-------- Given records --------
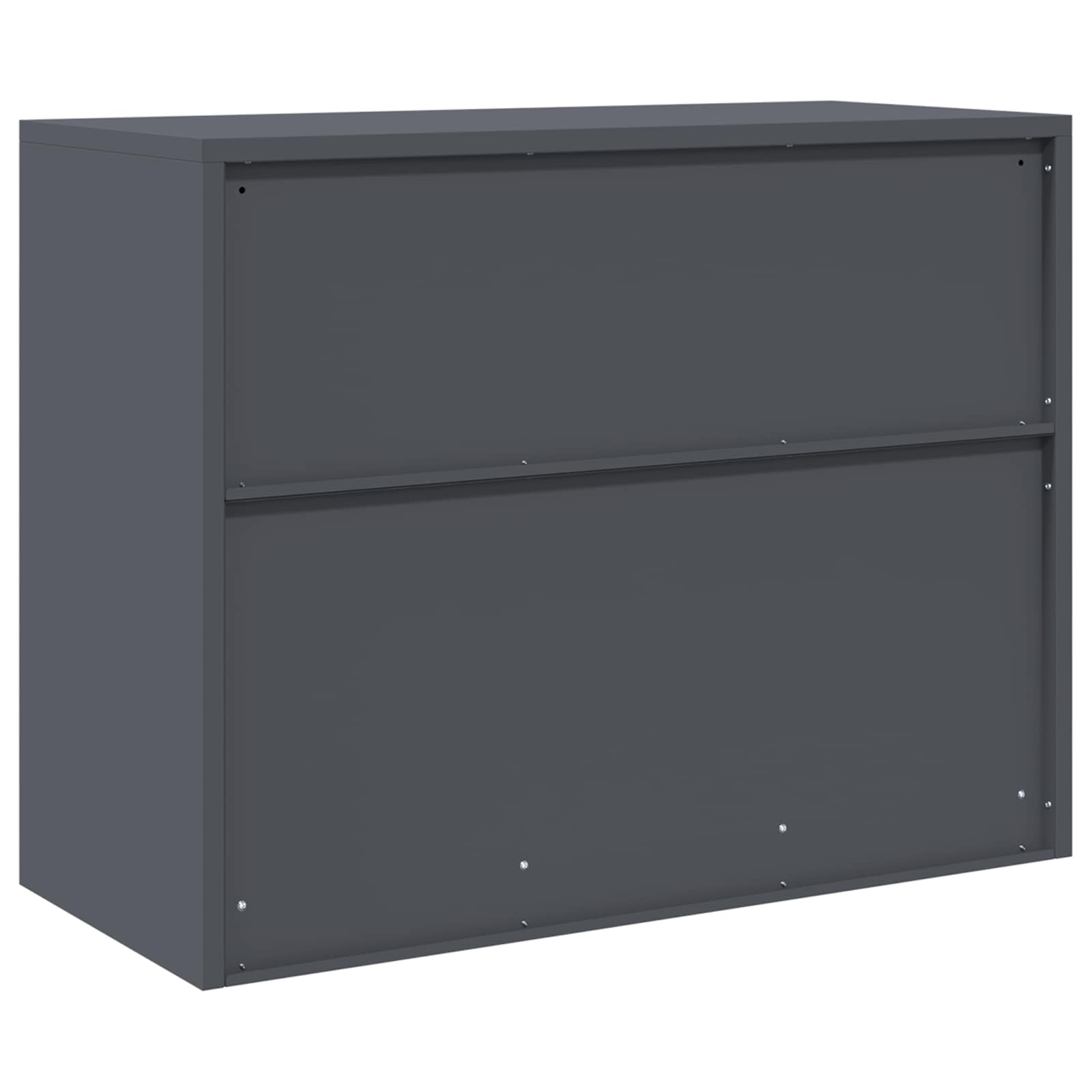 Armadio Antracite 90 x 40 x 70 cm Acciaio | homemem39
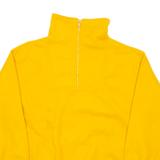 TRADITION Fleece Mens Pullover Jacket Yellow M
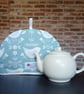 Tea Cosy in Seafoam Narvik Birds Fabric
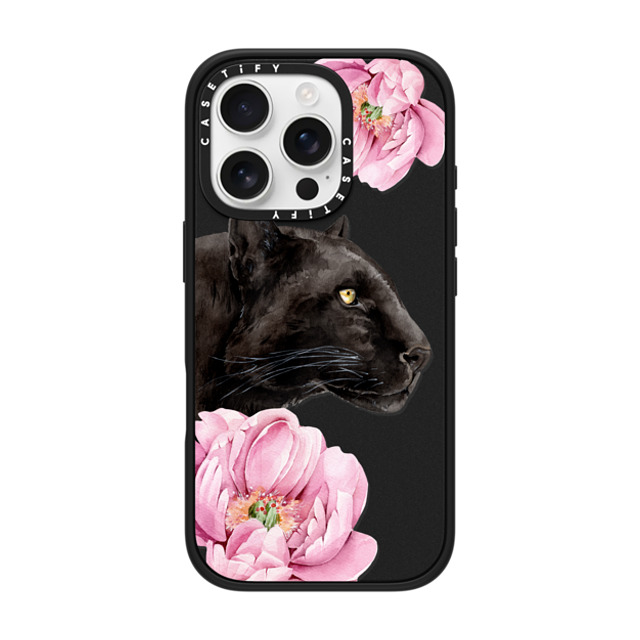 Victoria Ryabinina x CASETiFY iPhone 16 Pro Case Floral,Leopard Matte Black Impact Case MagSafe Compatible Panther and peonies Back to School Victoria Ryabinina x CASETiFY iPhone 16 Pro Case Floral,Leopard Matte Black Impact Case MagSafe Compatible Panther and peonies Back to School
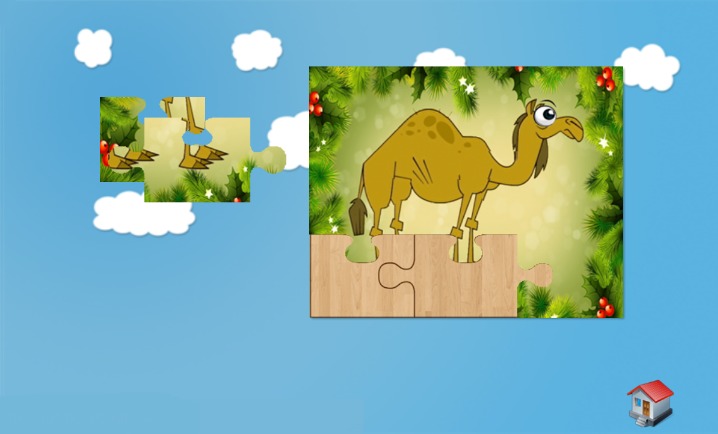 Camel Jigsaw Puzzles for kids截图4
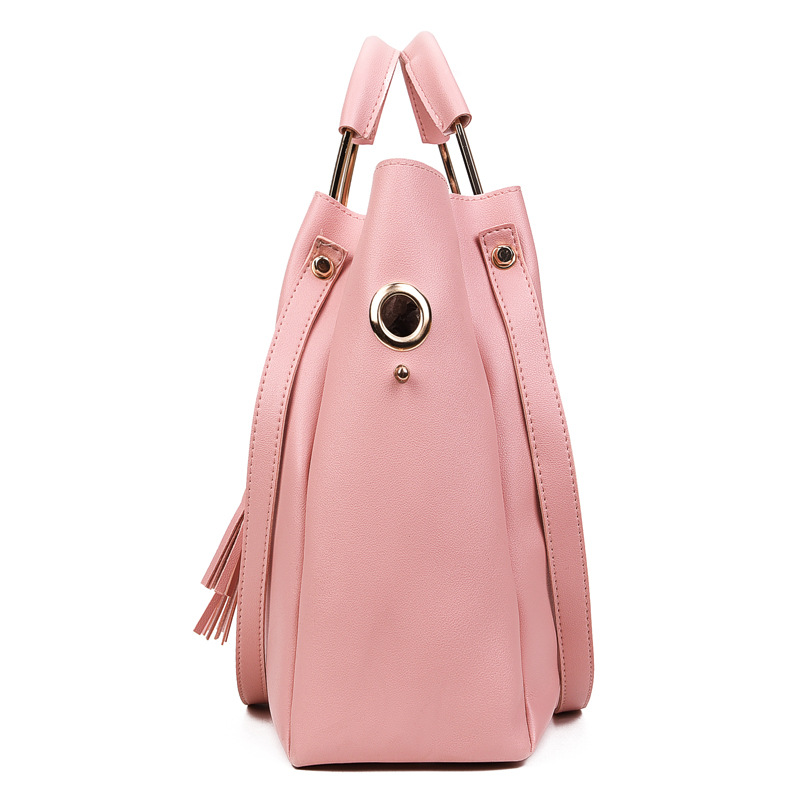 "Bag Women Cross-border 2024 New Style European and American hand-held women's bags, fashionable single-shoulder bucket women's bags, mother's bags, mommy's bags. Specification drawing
--------
-------- Given records --------
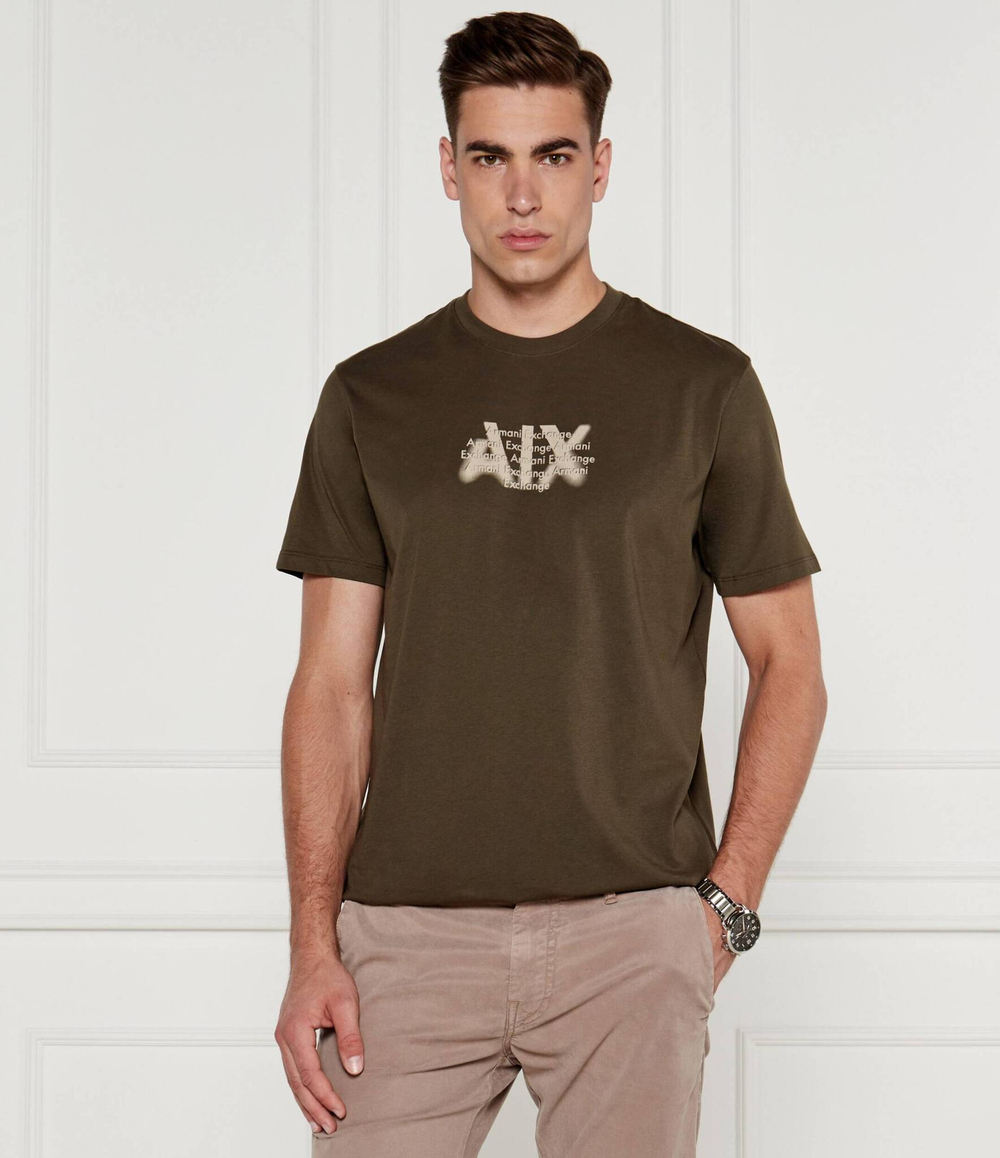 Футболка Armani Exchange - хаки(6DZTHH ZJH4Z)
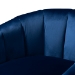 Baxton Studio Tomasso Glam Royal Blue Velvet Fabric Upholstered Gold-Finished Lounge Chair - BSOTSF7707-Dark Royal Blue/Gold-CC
--------
• _Exercise details_
Please output the lines above beginning at the line with "Armadio Antracite 90" and ending after the line with "Camel Jigsaw Puzzles for kids截图4", precisely as written and with no pictures.

• _Task response_
 Armadio Antracite 90 x 40 x 70 cm Acciaio | homemem39
 TRADITION Fleece Mens Pullover Jacket Yellow M
 Tea Cosy in Seafoam Narvik Birds Fabric
 Victoria Ryabinina x CASETiFY iPhone 16 Pro Case Floral,Leopard Matte Black Impact Case MagSafe Compatible Panther and peonies Back to School Victoria Ryabinina x CASETiFY iPhone 16 Pro Case Floral,Leopard Matte Black Impact Case MagSafe Compatible Panther and peonies Back to School
 Camel Jigsaw Puzzles for kids截图4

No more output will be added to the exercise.